#### AIM OF THE TASK
Below are records; the lines starting at the one with "10 má lúm #039;hái" and ending at the one with "Abdominoplastia după chirurgia bariatrică" must be reproduced exactly, both included. Pictures must not appear.

#### SUPPLIED MATERIAL
Segment Open

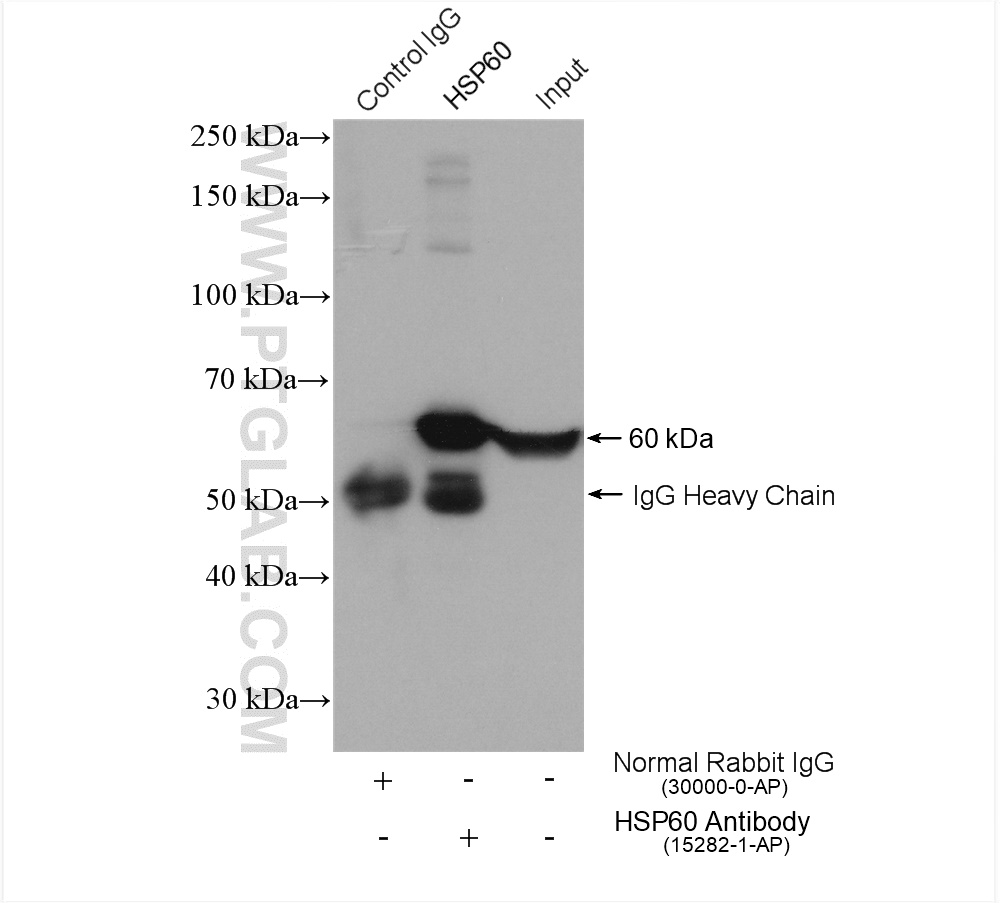 IP experiment of HEK-293 using 15282-1-AP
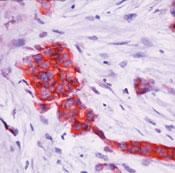     'pS2 / pNR-2 -  / pS2 / pNR-2 Estrogen-Regulated Protein Ab-2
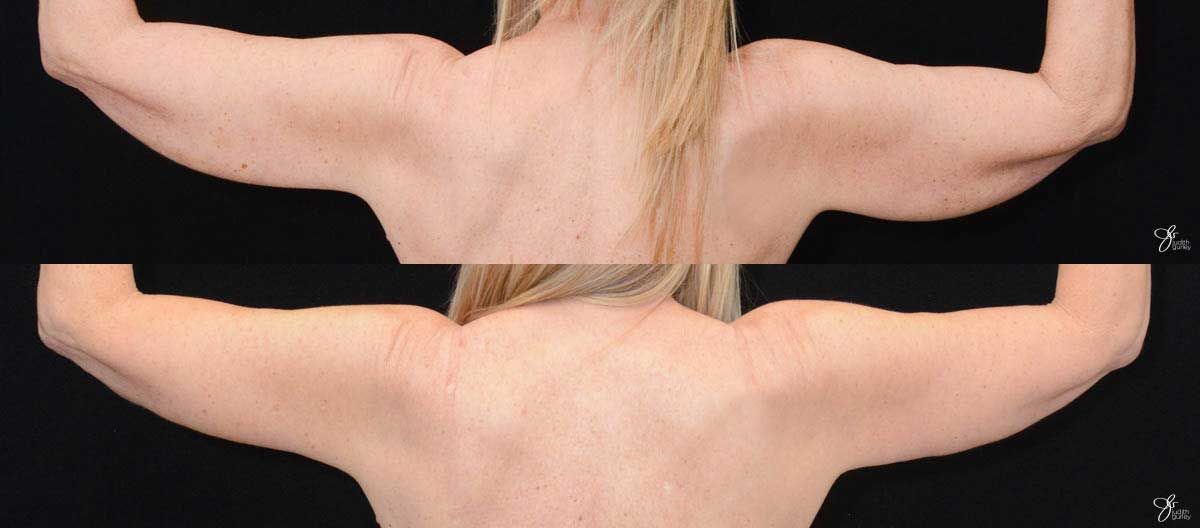 Arm Lift Before & After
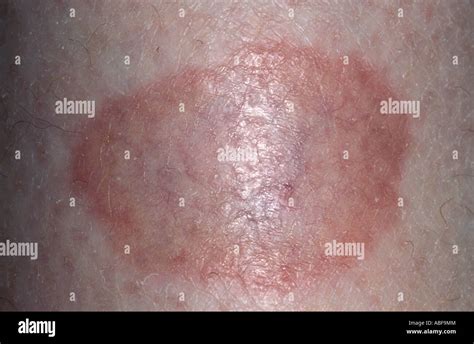 Necrobiosis Lipoidica Histology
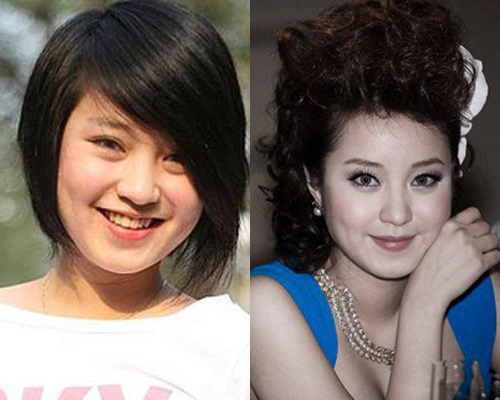 10 má lúm #039;hái ra tiền#039; của sao Việt - 15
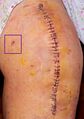 Post-surgical incision line with staples in place. The dark purple box shows the location of a post-surgical drain that has been removed.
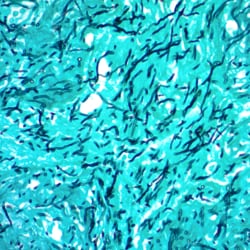 Scytek Laboratories Modified Gomori Methenamine-Silver Nitrate Stain (GMS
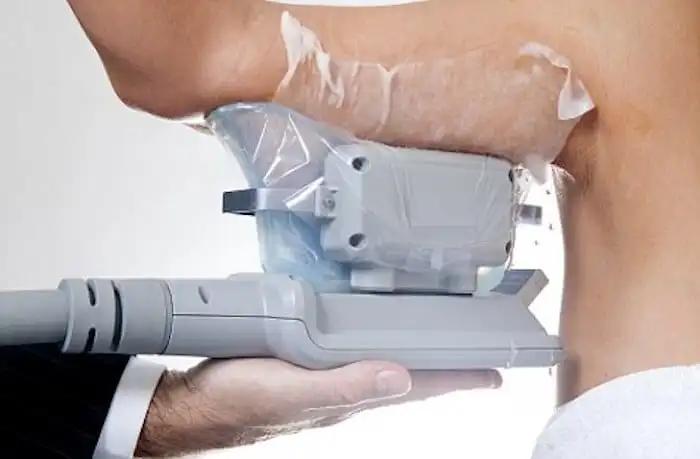 Picture of fat freezing Dartford on the upper arms.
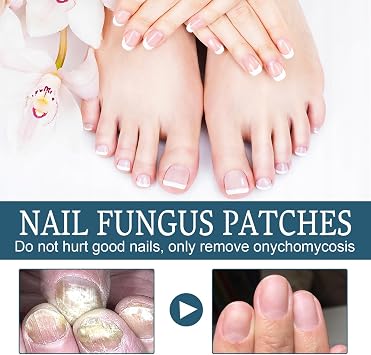 MAXIMUM Strength Nail Fungal Treatment - Toenail & Fingernail Fungus Eliminator - Repair, Strengthen, Fix & Renew Damaged Nails - 30ml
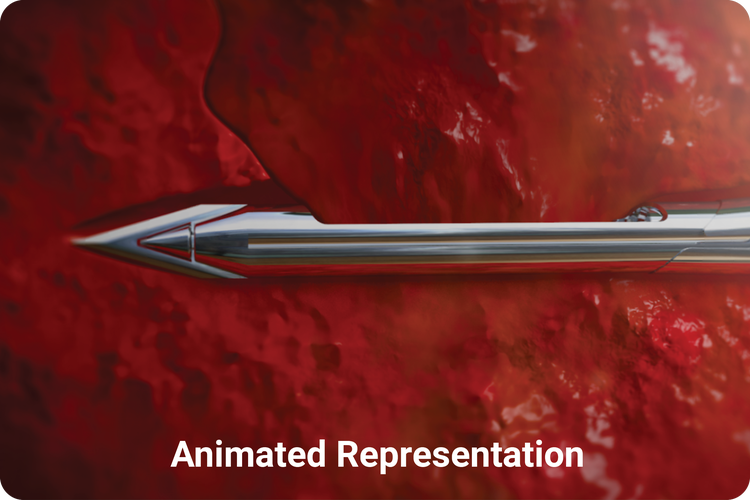 Animation of Mammotome Elite needle collecting tissue sample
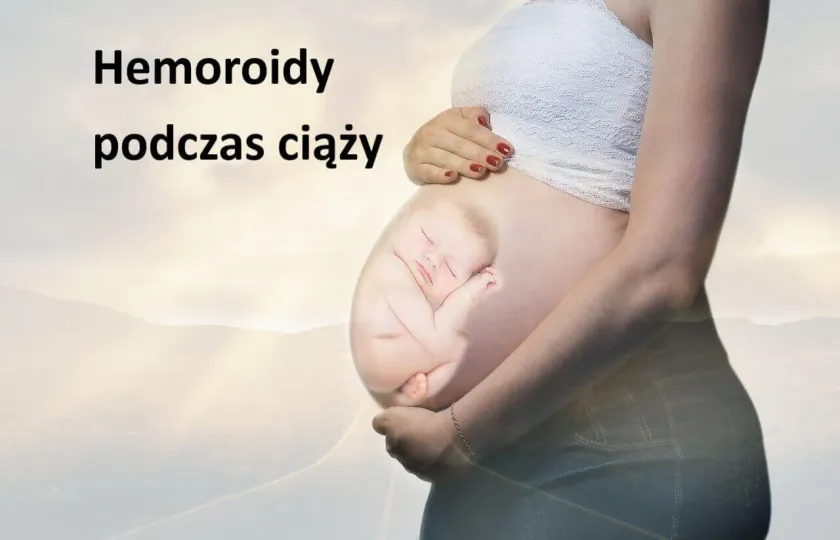 Hemoroidy podczas ciąży, hemoroidy w ciąży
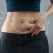 Abdominoplastia după chirurgia bariatrică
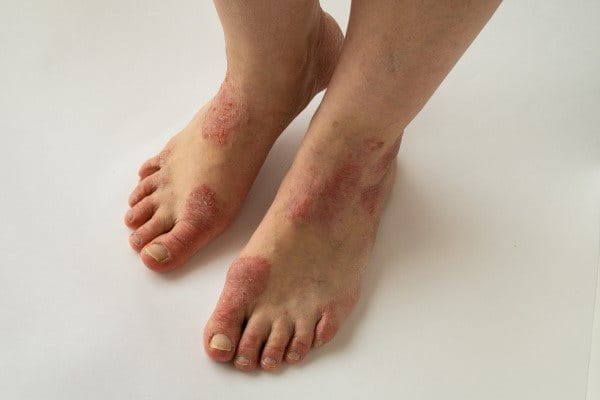 Beine von Person mit Neurodermitis am Fuß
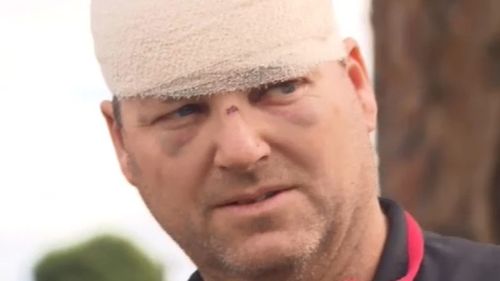 Malcolm Woodford spoke to 9NEWS following the brutal attack. Picture: 9NEWS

Segment Closed

#### YOUR SOLUTION
 10 má lúm #039;hái ra tiền#039; của sao Việt - 15
 Post-surgical incision line with staples in place. The dark purple box shows the location of a post-surgical drain that has been removed.
 Scytek Laboratories Modified Gomori Methenamine-Silver Nitrate Stain (GMS
 Picture of fat freezing Dartford on the upper arms.
 MAXIMUM Strength Nail Fungal Treatment - Toenail & Fingernail Fungus Eliminator - Repair, Strengthen, Fix & Renew Damaged Nails - 30ml
 Animation of Mammotome Elite needle collecting tissue sample
 Hemoroidy podczas ciąży, hemoroidy w ciąży
 Abdominoplastia după chirurgia bariatrică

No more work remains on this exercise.